Barclays gave Roger Jenkins £50m payoff, court hears

Roger Jenkins 
Roger Jenkins

Star Barclays banker Roger Jenkins was handed a £50m payoff when he left in the wake of the financial crisis, a court has heard.

Known as "Big Dog" by some of his colleagues, Mr Jenkins was viewed as the gatekeeper to Barclays’ relationship with Qatari investors and played a crucial role in securing their cash for a 2008 rescue deal which saved the lender from a state bailout.

The bumper golden goodbye was in addition to his annual pay of about £39m - meaning the banker would have been handed almost £80m, just a year after the crash sent the global economy tanking and hit living standards for millions of ordinary people.

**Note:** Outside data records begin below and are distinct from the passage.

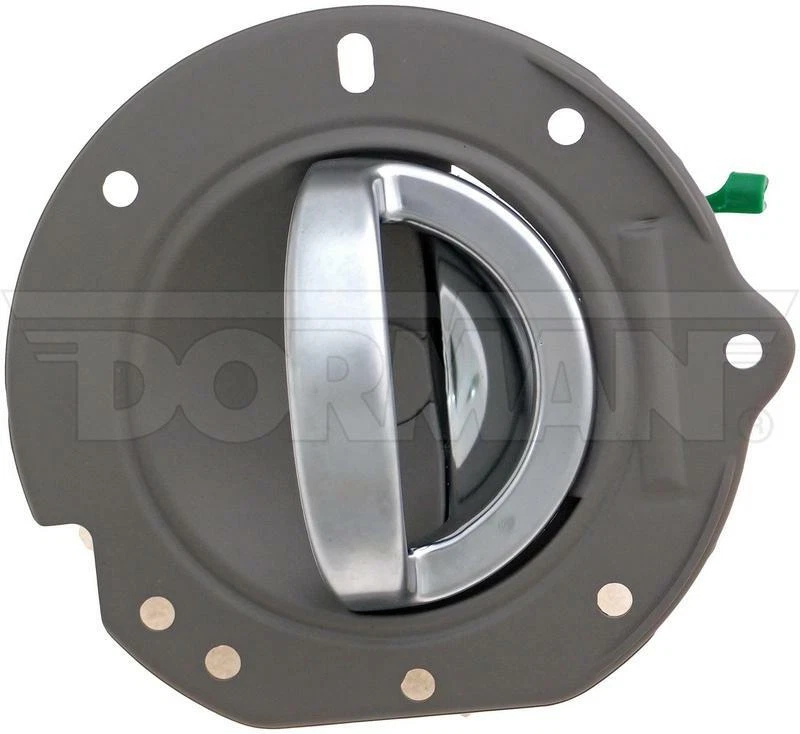 Interior Door Handle for 2005-2007 Jeep Liberty Foto 1 de 1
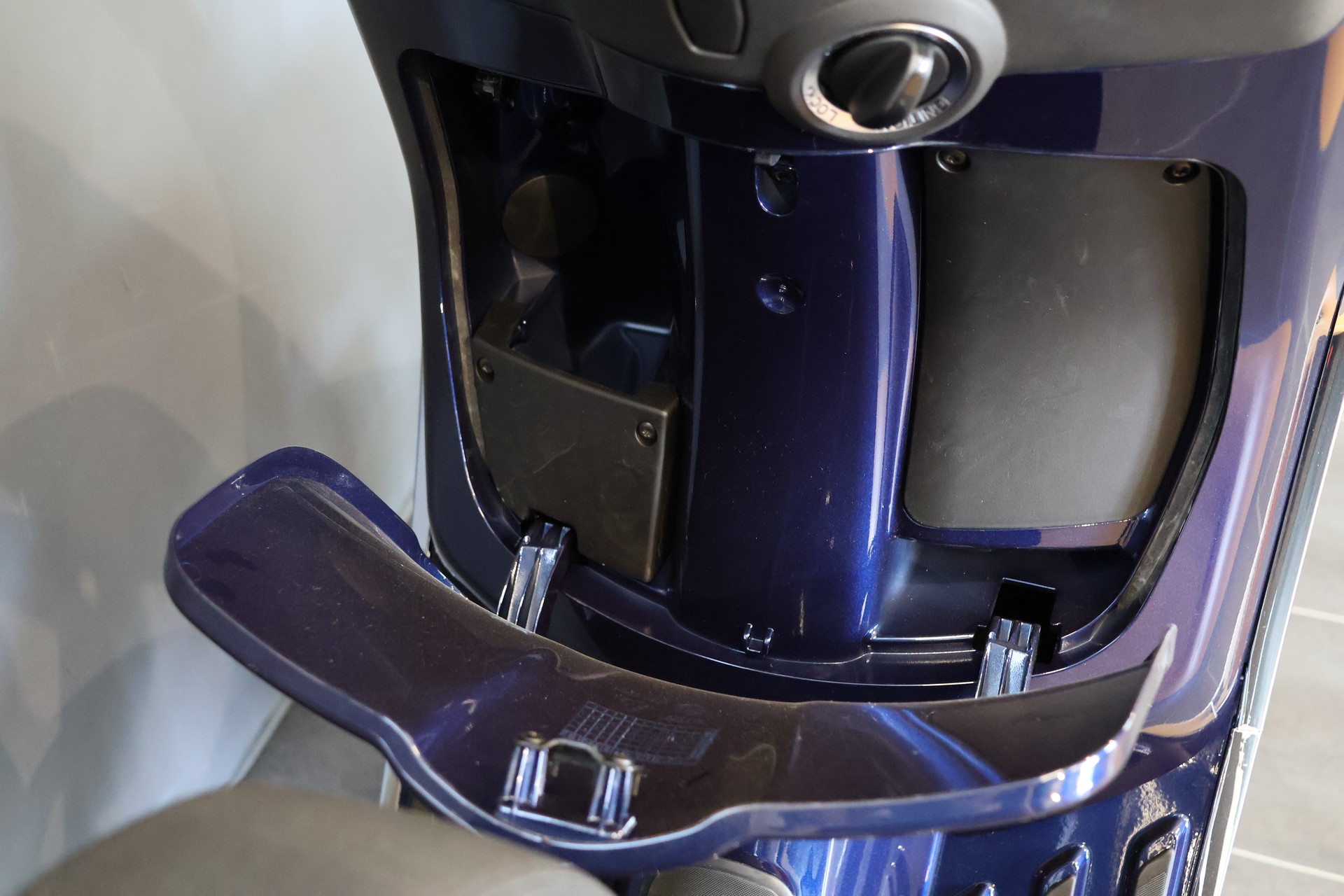 PIAGGIO Vespa 125 Primavera Euro 5+ (4Jahre Garantie)-image-14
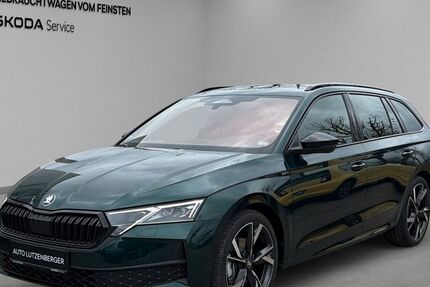 Skoda Octavia 1.490 km 37.700 &euro; Augsburg 86179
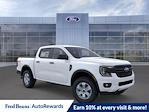 New 2025 Ford Ranger XL SuperCrew Cab 4WD Pickup for sale #P50563 - photo 7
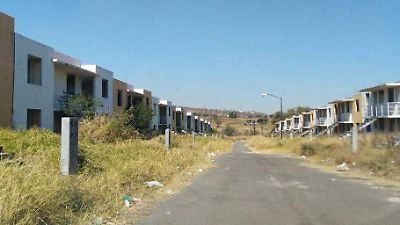 Toluca Explora Reutilizar 28 Mil Viviendas Abandonadas para Impulsar el Desarrollo Urbano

Details of Mr Jenkins' exit package were discussed in court as part of a case brought by financier Amanda Staveley, who claims she was treated unfairly when representing Abu Dhabi investors during the rescue and is suing Barclays for £1.6bn.

It emerged last week that Mr Jenkins, who co-hosted a lavish charity party with actor George Clooney at his £30m Mayfair mansion just after securing the Qatari funds, had referred to her as "the tart" and "that dolly-bird" while discussing the cash injection with a colleague at the time.

Ms Staveley's client Sheikh Mansour bin Zayed Al Nahyan became the bank's largest shareholder after contributing £3.5bn to the rescue deal.

Former Barclays chief executive John Varley said earlier in the trial that Ms Staveley's firm was greatly overstating its role in the rescue 12 years ago. It kept Barclays out of taxpayer hands, unlike rivals Lloyds and Royal Bank of Scotland.

Ms Staveley's credentials were also dismissed by Mr Jenkins, who once dated model Elle Macpherson. He argued in his witness statement that she "had no qualifications in finance" and was a "complete unknown" in terms of large, complicated transactions.

Mr Jenkins said that before the deal he had met Ms Staveley once at a lunch in the south of France, but knew little about her other than the role she played in Sheikh Mansour's purchase of Manchester City Football Club and the fact she owned a "restaurant by a racecourse, and that was how she had made connections with Middle Eastern individuals".

This is Mr Jenkins' third day of questioning. The case continues.